In step S240, the node packet storage state table included by the beacon signal is analyzed by the second node apparatus to update the node packet storage state table in the second node apparatus.

Take the node apparatus 110B as an example, since the node packet storage state table is a part of the assistance table of each of the node apparatuses, the node apparatus 110B may update the content in the assistance table thereof corresponding to the node packet storage state table after receiving and analyzing the beacon signal BSA of the node apparatus 110A. The packet storage states of 0, 0, 0, 1, 0 and 0 can be updated to the assistance table of the node apparatus 110B according to the association identification numbers 1˜6.

In step S250, the second node apparatus is woken up according to a predetermined schedule to perform a packet transmitting process when the second node apparatus enters a sleep mode and when one of the packet storage states of either the second node apparatus or the at least one child node apparatus of the second node apparatus has the storage indication level.

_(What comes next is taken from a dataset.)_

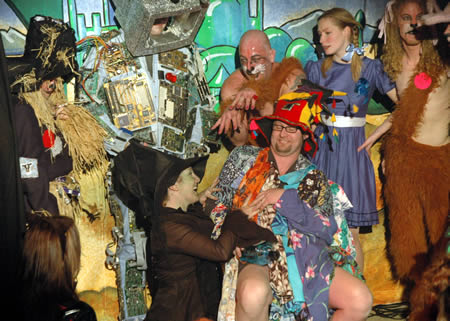 Costumed cast of a panto on stage including a scarecrow, a lion and a child in a blue dress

Take the node apparatus 110B as an example, the node apparatus 110B obtains the information that the access point apparatus 150 stores at least one packet of the node apparatus 110D according to the storage indication level of the packet storage state of the node apparatus 110D, which is the child node apparatus of the node apparatus 110B, from the beacon signal BSA of the node apparatus 110A.

When the node apparatus 110B does not enter the sleep mode, no other operation is required. The node apparatus 110B simply waits for the transmission of the at least one packet of the node apparatus 110D from the access point apparatus 150 and further performs the packet transmitting process to the node apparatus 110D. When the node apparatus 110B enters the sleep mode, the node apparatus 110B wakes up according to a predetermined schedule to perform the packet transmitting process.

In an embodiment, the predetermined schedule is to, when one of the packet storage states of the at least one child node apparatus of the second node apparatus has the storage indication level, directly wake up the second node apparatus or wake up the second node apparatus according to a scheduled wake-up time of the at least one child node apparatus of the second node apparatus to perform the packet transmitting process.

Take the node apparatus 110B as an example, when the packet storage state of the node apparatus 110D is determined to have the storage indication level, the node apparatus 110B that enters the sleep mode is directly woken up to perform the packet transmitting process until the packet transmitting process is finished.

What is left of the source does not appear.